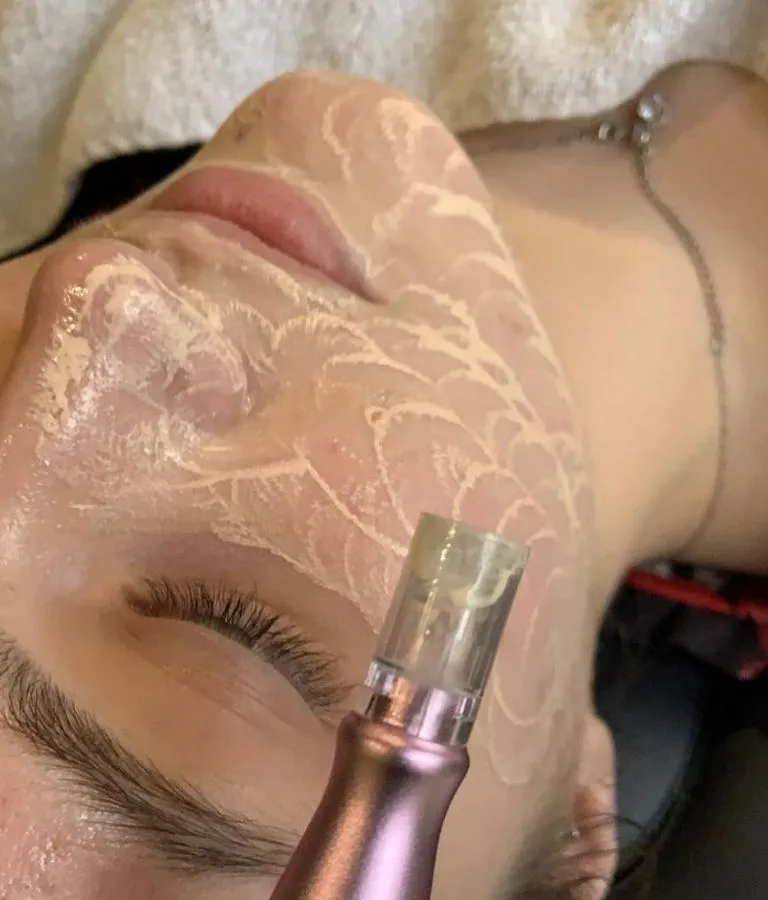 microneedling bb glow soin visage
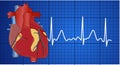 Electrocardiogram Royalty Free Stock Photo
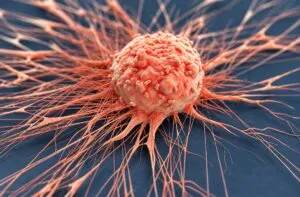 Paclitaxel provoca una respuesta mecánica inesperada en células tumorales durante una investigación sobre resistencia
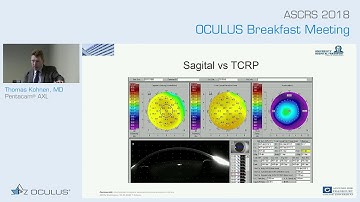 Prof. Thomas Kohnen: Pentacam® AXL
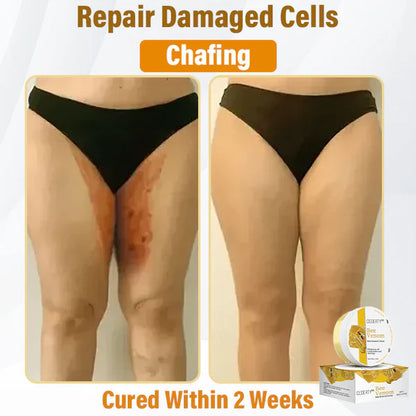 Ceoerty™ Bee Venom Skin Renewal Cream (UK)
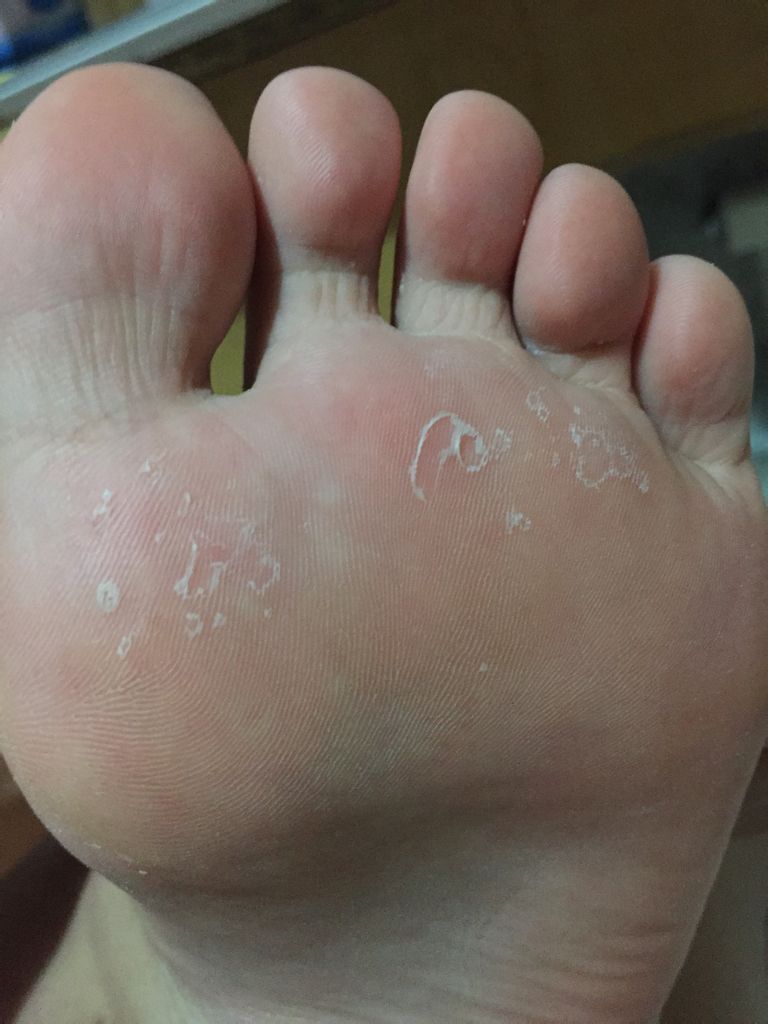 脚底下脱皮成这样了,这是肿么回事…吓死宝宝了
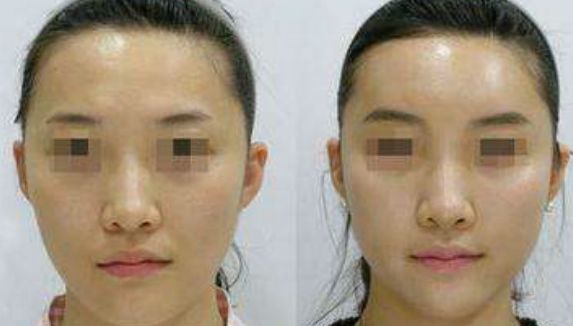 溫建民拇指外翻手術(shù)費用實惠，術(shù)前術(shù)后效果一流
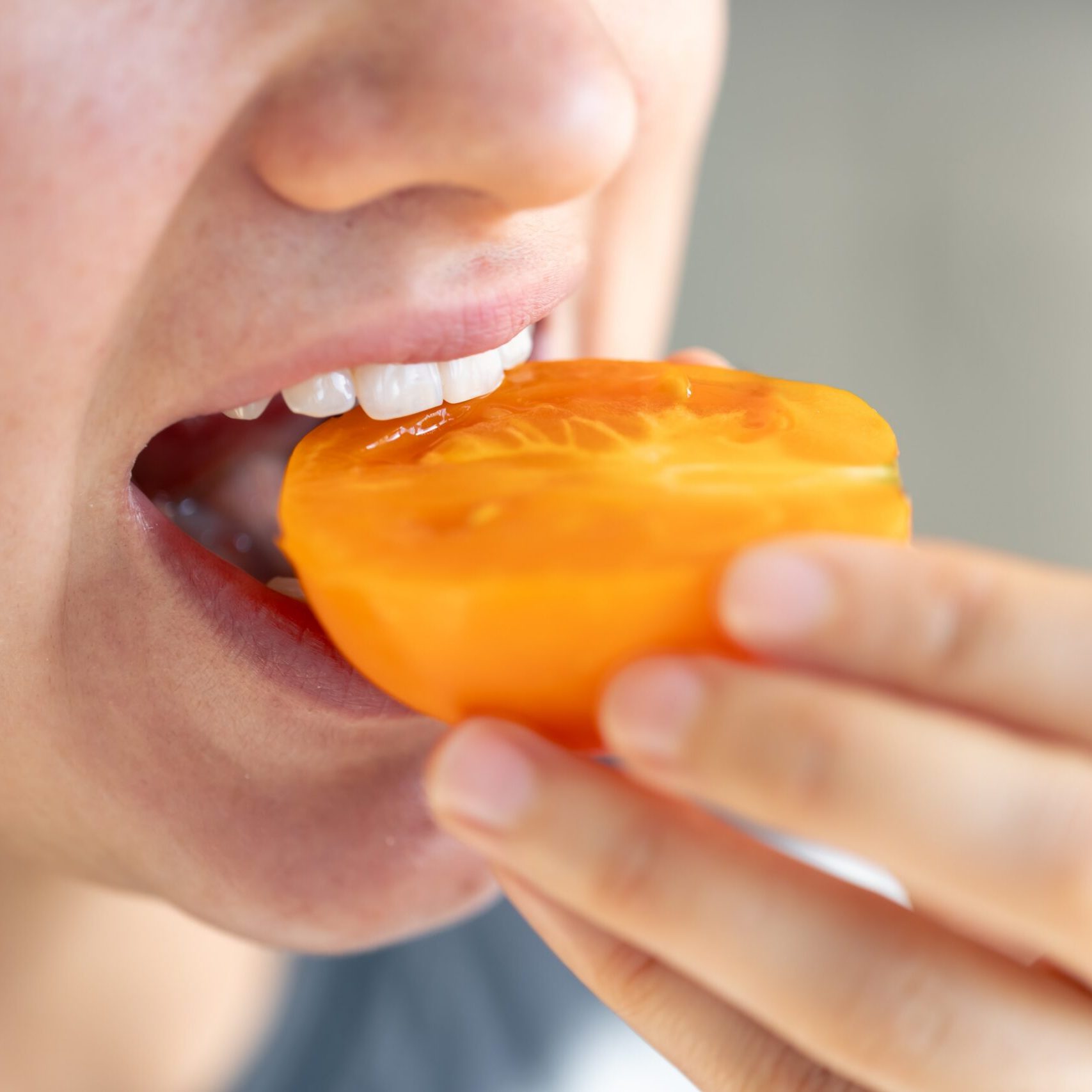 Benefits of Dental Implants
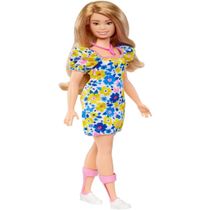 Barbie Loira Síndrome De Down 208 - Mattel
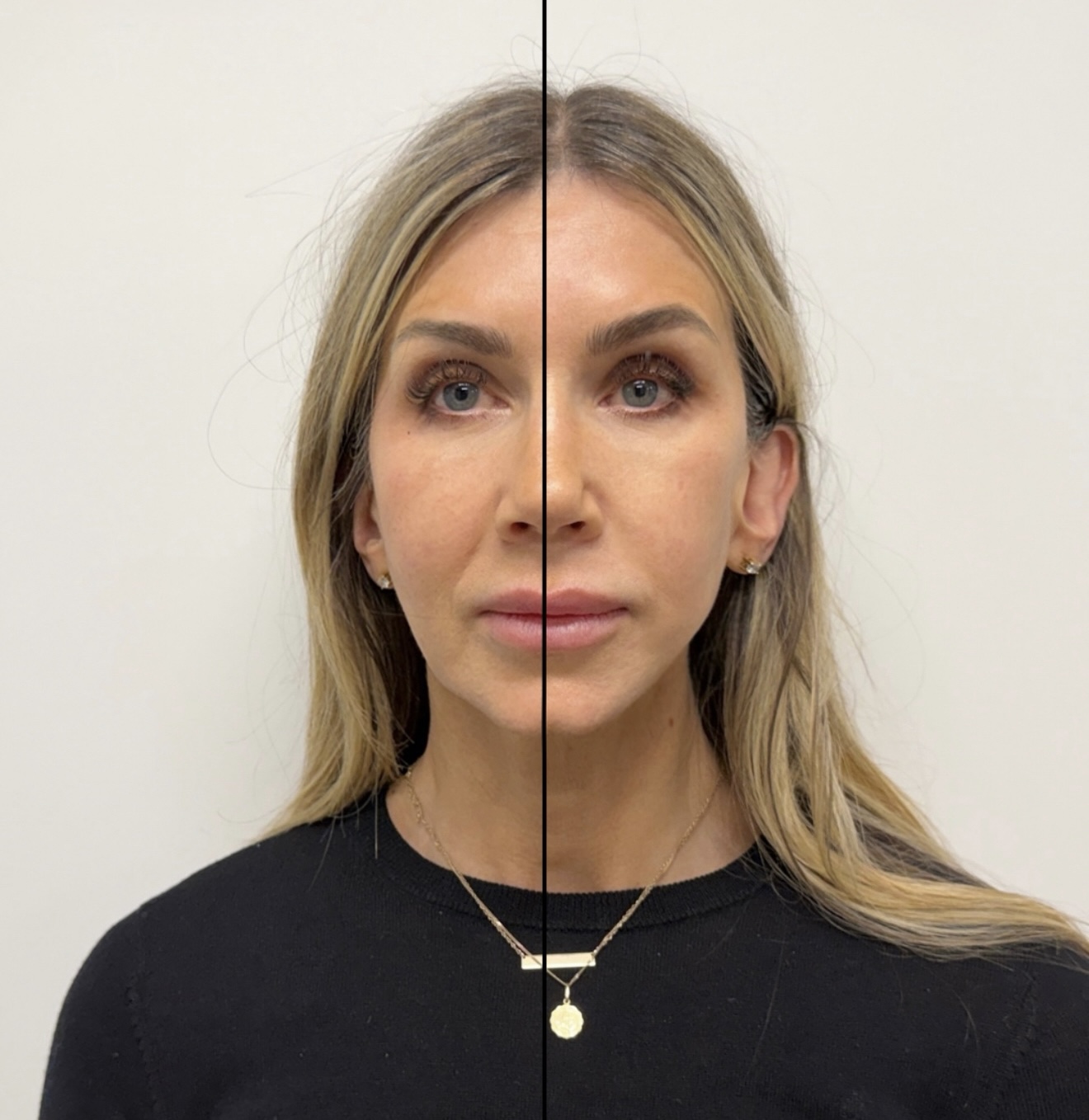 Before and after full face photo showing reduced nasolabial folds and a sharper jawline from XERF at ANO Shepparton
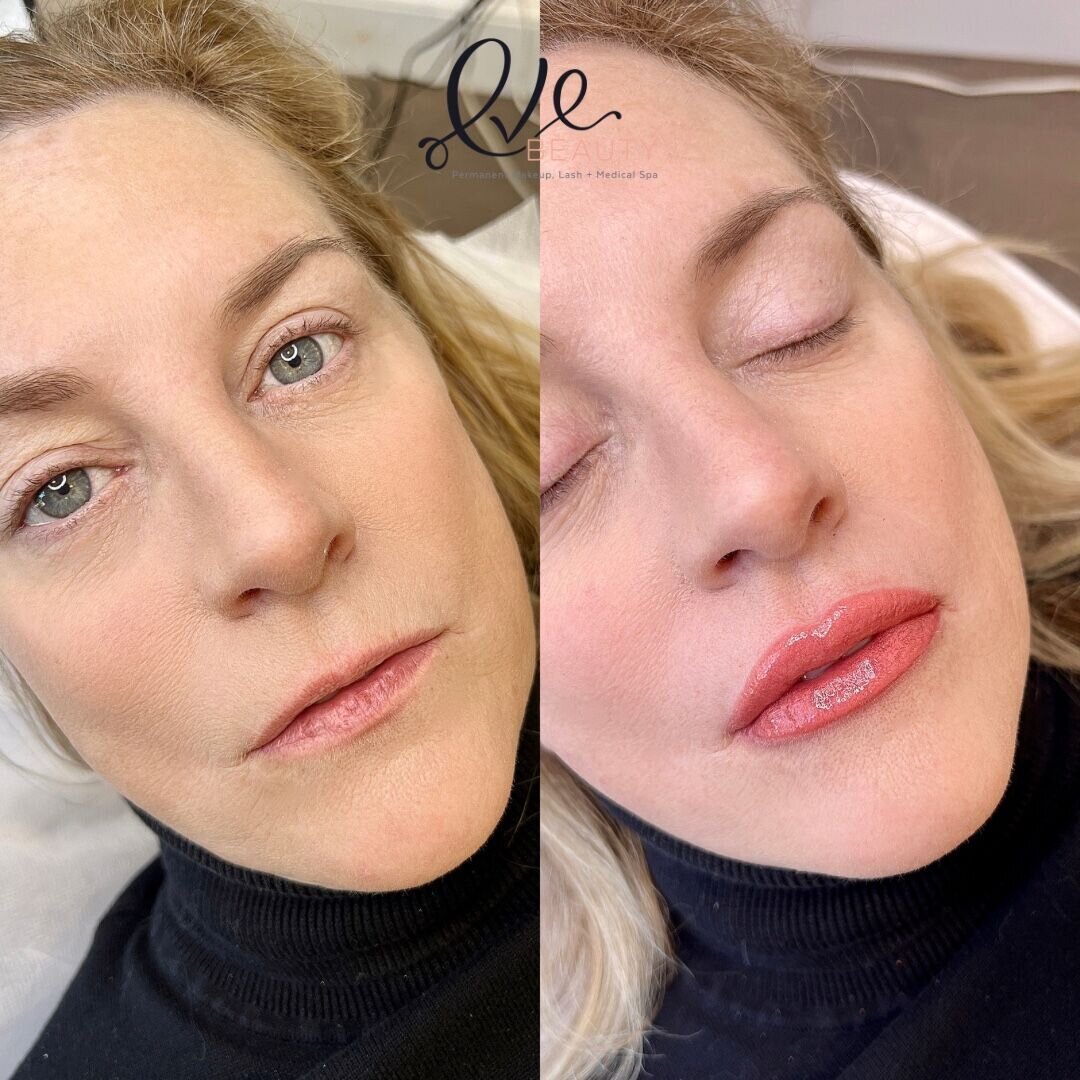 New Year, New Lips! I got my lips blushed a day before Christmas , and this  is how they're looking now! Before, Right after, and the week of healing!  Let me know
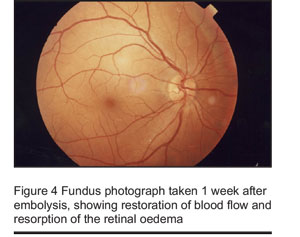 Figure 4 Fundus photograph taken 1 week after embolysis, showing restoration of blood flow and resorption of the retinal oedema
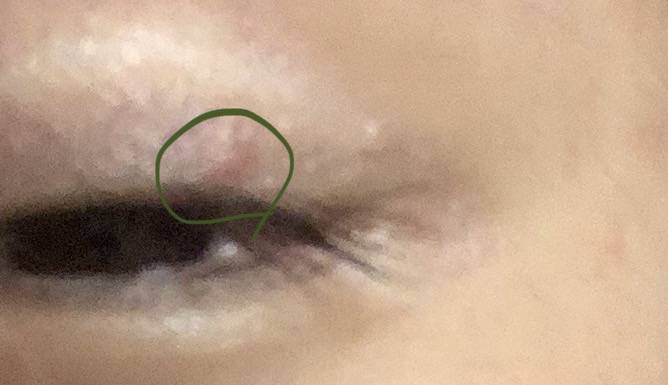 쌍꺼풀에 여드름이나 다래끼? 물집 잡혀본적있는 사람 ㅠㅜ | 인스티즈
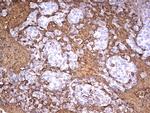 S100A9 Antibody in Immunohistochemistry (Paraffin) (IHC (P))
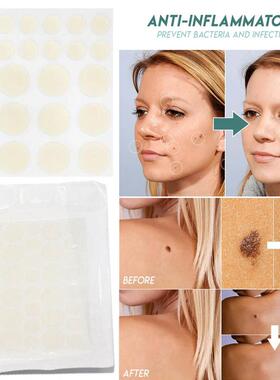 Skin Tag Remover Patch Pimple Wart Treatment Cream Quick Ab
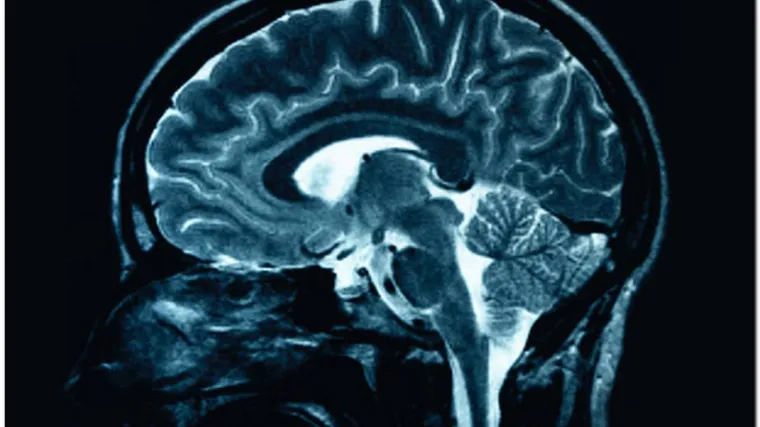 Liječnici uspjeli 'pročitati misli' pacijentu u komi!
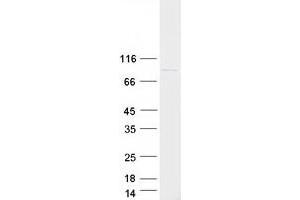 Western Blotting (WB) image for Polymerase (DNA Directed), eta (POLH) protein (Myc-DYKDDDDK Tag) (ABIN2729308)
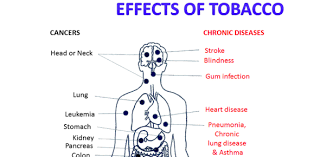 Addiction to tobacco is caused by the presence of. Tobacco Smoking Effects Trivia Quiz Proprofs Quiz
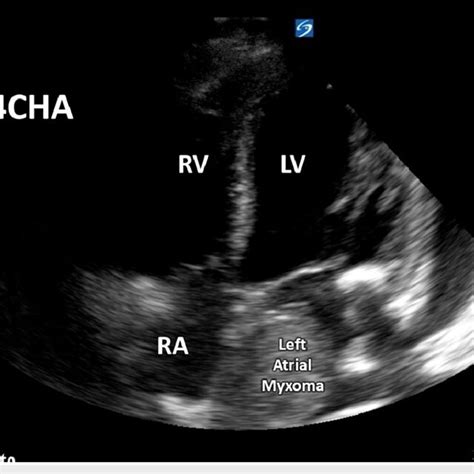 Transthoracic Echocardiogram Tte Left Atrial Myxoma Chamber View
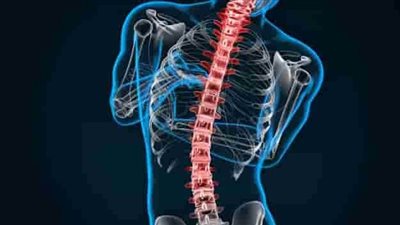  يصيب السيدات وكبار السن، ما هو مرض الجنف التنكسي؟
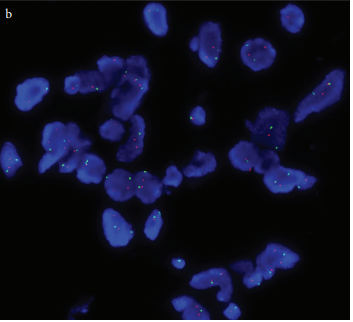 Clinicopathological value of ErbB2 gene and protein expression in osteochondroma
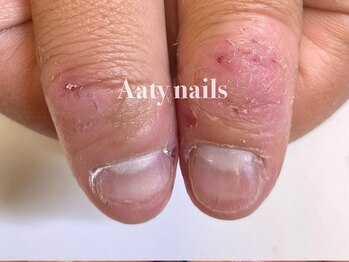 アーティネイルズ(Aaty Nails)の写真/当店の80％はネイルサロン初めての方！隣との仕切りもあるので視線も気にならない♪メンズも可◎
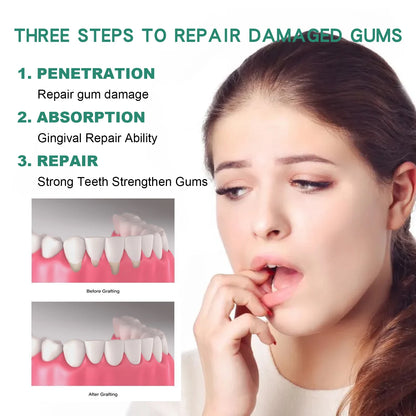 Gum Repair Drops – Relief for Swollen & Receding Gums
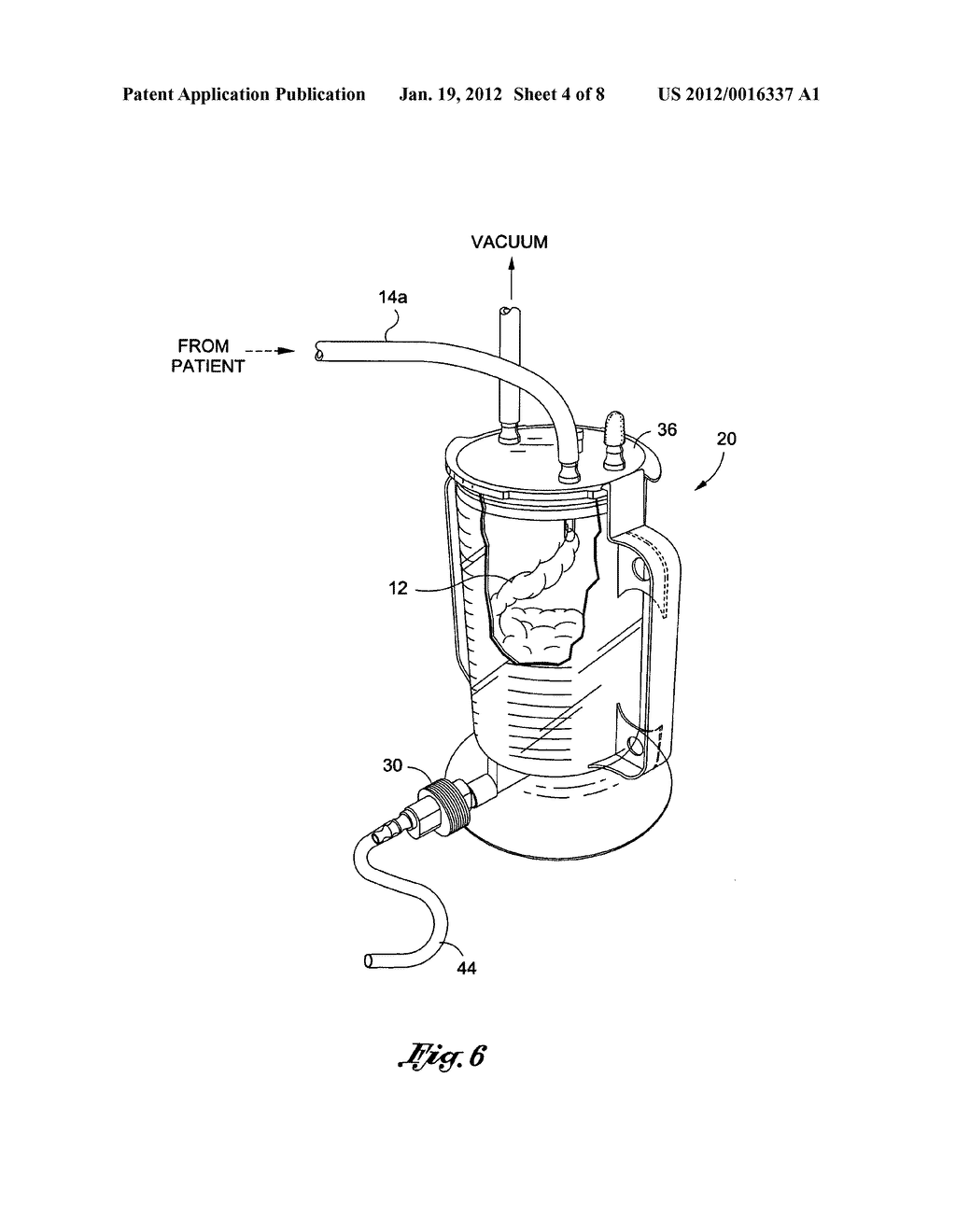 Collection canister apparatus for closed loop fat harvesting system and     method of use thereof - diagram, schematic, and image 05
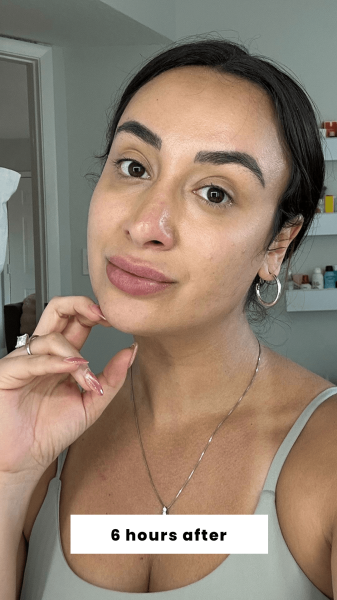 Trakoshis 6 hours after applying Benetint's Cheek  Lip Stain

Exercise:
From the first line above to the line containing "Prof. Thomas Kohnen: Pentacam® AXL", repeat each line exactly. Pictures stay out.

Response:
 microneedling bb glow soin visage
 Electrocardiogram Royalty Free Stock Photo
 Paclitaxel provoca una respuesta mecánica inesperada en células tumorales durante una investigación sobre resistencia
 Prof. Thomas Kohnen: Pentacam® AXL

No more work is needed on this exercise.